At least one commercial real estate industry executive familiar with the arrangements said these kinds of deals were possibly loss-making for WeWork. “There’s not enough [profit] margin to give a 50% discount and you’re not underwater,” the executive said.
As the company’s new management team shifts its focus to shoring up WeWork’s financials following the ousting of Neumann, it’s possible these kinds of deals could be reassessed.
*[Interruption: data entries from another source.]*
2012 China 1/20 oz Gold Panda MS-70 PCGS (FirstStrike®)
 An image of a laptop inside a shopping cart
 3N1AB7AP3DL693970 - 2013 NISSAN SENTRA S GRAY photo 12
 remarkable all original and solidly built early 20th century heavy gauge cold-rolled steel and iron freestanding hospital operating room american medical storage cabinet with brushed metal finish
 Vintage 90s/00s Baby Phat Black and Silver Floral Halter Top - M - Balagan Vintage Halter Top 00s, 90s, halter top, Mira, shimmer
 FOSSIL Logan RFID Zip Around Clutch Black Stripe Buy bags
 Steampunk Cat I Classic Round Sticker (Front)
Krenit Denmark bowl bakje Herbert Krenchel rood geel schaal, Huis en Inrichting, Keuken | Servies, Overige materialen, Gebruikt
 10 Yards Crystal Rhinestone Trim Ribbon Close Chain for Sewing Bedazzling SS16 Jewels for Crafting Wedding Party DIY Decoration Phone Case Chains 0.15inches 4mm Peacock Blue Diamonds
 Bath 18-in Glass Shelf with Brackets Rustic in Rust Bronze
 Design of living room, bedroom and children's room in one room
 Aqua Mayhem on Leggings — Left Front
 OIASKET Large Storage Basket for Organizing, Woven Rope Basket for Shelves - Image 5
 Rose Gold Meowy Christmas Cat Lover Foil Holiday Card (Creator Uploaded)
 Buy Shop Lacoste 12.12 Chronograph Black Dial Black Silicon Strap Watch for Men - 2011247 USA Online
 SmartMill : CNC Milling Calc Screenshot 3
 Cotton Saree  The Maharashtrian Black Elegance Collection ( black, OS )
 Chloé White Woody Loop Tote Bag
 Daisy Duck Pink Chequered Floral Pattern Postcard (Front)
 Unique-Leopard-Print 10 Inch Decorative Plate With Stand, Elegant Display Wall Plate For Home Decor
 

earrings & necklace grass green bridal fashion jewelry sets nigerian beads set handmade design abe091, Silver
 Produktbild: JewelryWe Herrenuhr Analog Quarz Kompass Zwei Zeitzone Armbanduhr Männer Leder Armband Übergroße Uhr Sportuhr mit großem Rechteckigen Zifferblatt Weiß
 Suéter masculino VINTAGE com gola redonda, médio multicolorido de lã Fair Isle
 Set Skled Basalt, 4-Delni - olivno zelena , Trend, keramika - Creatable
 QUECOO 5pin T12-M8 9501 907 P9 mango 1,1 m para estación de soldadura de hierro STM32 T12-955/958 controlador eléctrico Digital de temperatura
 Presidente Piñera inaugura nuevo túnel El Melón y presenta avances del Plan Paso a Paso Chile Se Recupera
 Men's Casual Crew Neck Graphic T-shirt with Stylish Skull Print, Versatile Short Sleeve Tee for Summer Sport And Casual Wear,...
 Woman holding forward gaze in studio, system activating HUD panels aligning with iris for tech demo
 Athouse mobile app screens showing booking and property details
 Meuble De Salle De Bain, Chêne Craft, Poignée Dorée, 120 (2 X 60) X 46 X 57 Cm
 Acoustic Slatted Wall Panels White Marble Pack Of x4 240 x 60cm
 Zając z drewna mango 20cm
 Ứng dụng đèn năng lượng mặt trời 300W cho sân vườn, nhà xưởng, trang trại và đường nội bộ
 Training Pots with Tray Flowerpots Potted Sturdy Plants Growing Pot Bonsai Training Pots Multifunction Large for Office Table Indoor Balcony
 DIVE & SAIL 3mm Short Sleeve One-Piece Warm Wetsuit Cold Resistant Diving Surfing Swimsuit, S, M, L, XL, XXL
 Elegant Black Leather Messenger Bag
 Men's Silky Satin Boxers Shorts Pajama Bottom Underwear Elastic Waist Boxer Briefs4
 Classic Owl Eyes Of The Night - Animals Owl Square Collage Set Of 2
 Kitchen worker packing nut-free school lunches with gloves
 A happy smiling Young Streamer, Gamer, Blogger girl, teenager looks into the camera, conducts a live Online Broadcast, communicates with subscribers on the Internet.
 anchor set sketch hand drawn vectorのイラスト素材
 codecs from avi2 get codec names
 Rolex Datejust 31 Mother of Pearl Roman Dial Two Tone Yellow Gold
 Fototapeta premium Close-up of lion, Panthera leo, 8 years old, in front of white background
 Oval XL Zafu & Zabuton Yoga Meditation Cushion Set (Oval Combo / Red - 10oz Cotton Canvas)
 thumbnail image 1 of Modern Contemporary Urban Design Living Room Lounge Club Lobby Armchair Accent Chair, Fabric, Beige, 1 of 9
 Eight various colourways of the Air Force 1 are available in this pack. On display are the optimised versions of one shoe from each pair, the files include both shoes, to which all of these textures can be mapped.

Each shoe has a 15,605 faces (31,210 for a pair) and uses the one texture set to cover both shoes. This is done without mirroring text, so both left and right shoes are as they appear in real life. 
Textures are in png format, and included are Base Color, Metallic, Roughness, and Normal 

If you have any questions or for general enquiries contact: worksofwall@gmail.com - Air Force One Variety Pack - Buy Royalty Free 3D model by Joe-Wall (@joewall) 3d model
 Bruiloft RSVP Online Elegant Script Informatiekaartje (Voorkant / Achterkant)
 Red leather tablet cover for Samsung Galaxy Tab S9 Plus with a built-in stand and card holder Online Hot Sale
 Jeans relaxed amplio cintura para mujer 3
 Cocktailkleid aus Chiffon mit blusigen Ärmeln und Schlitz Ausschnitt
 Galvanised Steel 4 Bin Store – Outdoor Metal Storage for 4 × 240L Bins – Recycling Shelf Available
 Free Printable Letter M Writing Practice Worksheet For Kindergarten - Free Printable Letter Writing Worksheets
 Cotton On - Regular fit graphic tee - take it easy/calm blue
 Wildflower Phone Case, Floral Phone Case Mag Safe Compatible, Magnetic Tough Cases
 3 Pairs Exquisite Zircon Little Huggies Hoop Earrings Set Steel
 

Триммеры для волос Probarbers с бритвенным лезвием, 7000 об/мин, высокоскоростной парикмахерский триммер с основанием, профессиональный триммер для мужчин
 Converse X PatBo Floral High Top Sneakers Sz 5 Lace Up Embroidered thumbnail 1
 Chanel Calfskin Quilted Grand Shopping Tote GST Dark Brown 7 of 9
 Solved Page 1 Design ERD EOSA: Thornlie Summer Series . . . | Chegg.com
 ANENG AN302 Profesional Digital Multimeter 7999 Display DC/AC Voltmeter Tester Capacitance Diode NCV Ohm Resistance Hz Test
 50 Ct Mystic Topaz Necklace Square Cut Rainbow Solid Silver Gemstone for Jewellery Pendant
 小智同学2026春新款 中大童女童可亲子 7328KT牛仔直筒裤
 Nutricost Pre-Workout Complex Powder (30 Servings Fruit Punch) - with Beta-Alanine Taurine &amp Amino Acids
WeWork has now shelved its IPO indefinitely, and told The Wall Street Journal last week that it expects the pace of entering new lease agreements to slow as it pursues “more strategic growth.”
A WeWork representative declined to comment.
WeWork resorted to particularly generous promotions to land tenants in new locations
In trying to fill up its new spaces, WeWork sales reps in some cases resorted to particularly generous promotions, those familiar with the deals said, offering discounts to both new clients, and existing customers.
The starting point for the discounts for existing tenants was one free month off a year-long contract, but account executives or salespeople could offer even more generous terms or different kinds of incentives, such as reducing the monthly rent or offering additional credits for things like supplies and services, a former New York-based WeWork sales representative said.
In other cases, WeWork sales reps reached out to companies in existing locations that were on discounted deals that were set to expire, said the commercial real estate industry executive. It agreed to extend those deals if the companies agreed to relocate to new locations with low occupancy levels, the executive said.
Under the deals, the tenants could pay half the going rate for their spaces — or less, the executive said. By moving, the companies were “able to perpetuate those discounts,” the executive said.
Alternatively, tenants could get a bigger office at the lower-demand location than they had at the higher demand one at the same or lower cost, the former sales representative said.
“Anything to get the deal done,” the sales representative said.
WeWork offered such promotions to convince existing tenants to relocate “a bunch of times,” said a former employee who worked in the company’s New York headquarters.
Traditional landlords sometimes take similar steps when they open new buildings or locations, said Jeff Langbaum, a real-estate analyst with Bloomberg Intelligence.
But in the traditional office space market, leases cover multiple years — at least three and often much longer. Generally, landlords balance initial discounts with higher rents later on that pay for them. By contrast, WeWork’s customers typically sign only short-term leases, giving the company little time to make back discounts.
The average lease commitment of WeWork’s customers is for only 15 months and many customers can break their deals with only a month’s notice, the company said in its IPO paperwork.
Because of that, there’s no real economic advantage for WeWork to shift tenants from older to newer facilities, said Langbaum. The only benefit it would seem to get is to show higher occupancy levels at its newer sites, he said.
Within 18 months of being open to occupants, the average WeWork space is 89% full, the company said in its IPO filing. The space is generally still at that occupancy level after two years, it said in the filing.
WeWork didn’t disclose any specific details about the occupancy levels of locations that have been open for longer than two years. The company considers such spaces “mature,” with “generally stable” occupancy levels, it said in its IPO paperwork.
What WeWork offers is “a short-term lease that may very well wind up with nothing left at the end of it,” Langbaum said, making it seem like the company is “basically just playing a numbers game.”